I am a computer engineer by trade and started out as a software programmer, researching and developing a system for detecting fraud in call data records. I went on to deliver a wide range of projects for mobile payments, logistics tracking, cleaning inspection, and ecommerce. I was shipping lots of high-quality software, but I always felt like something was missing - the experience of the end user.
In my next role as a project manager at the iProperty group, I trained to be a scrum master and agile coach. I was responsible for organising and facilitating project planning, daily stand-up meetings, reviews, retrospectives, demos, sprint and release planning. An agile way of working helped me champion the needs of the customer and empower teams to solve their problems. After that, I became the UX Lead.
During that year, I met Shane Hastie from SoftEd at a conference in Australia. Unlike other trainers, he wasn't trying to sell something; he was there to share his knowledge and experience. I knew that SoftEd was an organisation I wanted to work with, and a year later, I joined the team as a Knowledge Engineer. That was seven years ago.

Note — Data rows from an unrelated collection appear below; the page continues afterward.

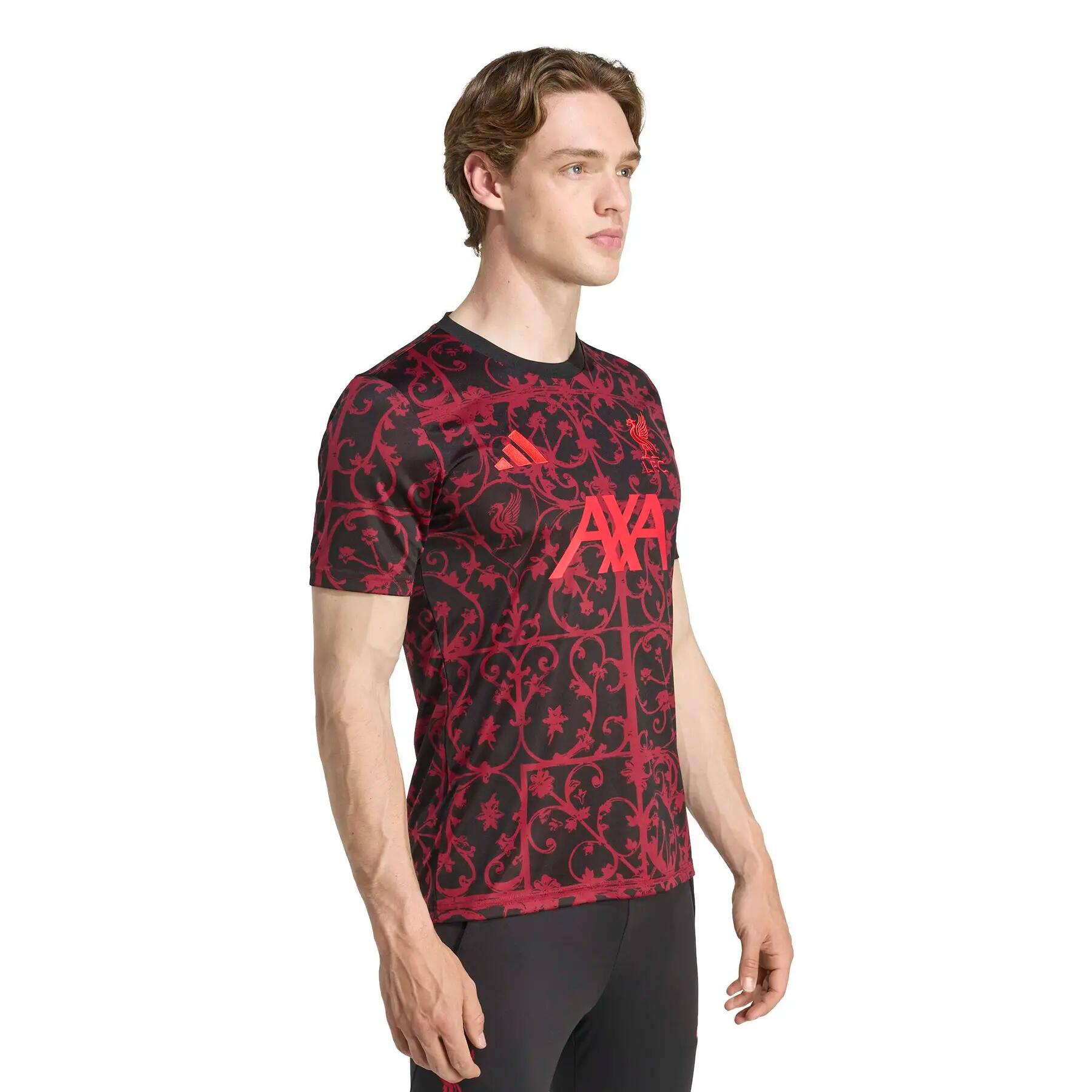 Maglia Liverpool FC Preshi 2025/26 4/4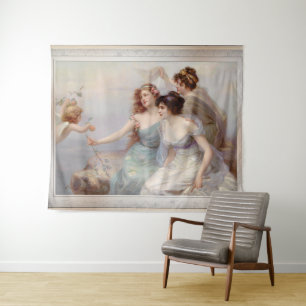 Tenture Die drei Grazien par Edouard Bisson
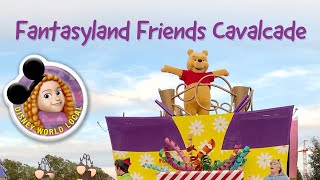 Fantasyland Friends Cavalcade [upl. by Offen]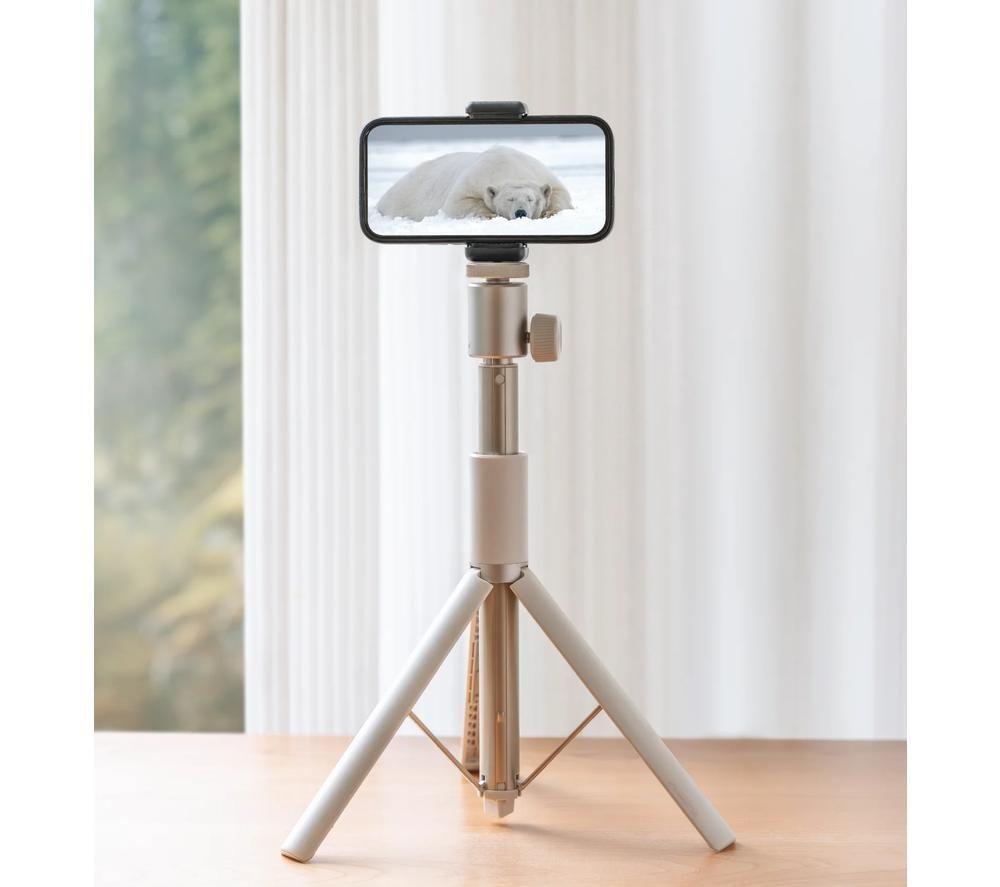 XGIMI GMN_002731 Projector Floor Stand - Light Gold image number 2 of 7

My favourite thing about being a trainer and coach is connecting with people and helping them to work in a more humanistic way - a way that creates positive and healthy workplaces where teams thrive.
I also love supporting people as they take the next step into a leadership role. The best advice I'd give to any aspiring leader is to find a mentor. That's why I actively create spaces for people to meet and connect, like learning labs, classes, and agile meetups.
When I'm not coaching or mentoring, I'm cycling. I'm a big lover of long-distance road biking. I once rode 3000km down the US western coastline. But I'm not into the gear. True to agile, I like to keep things simple, and I have a very functional, stripped-down bike from the 1980s.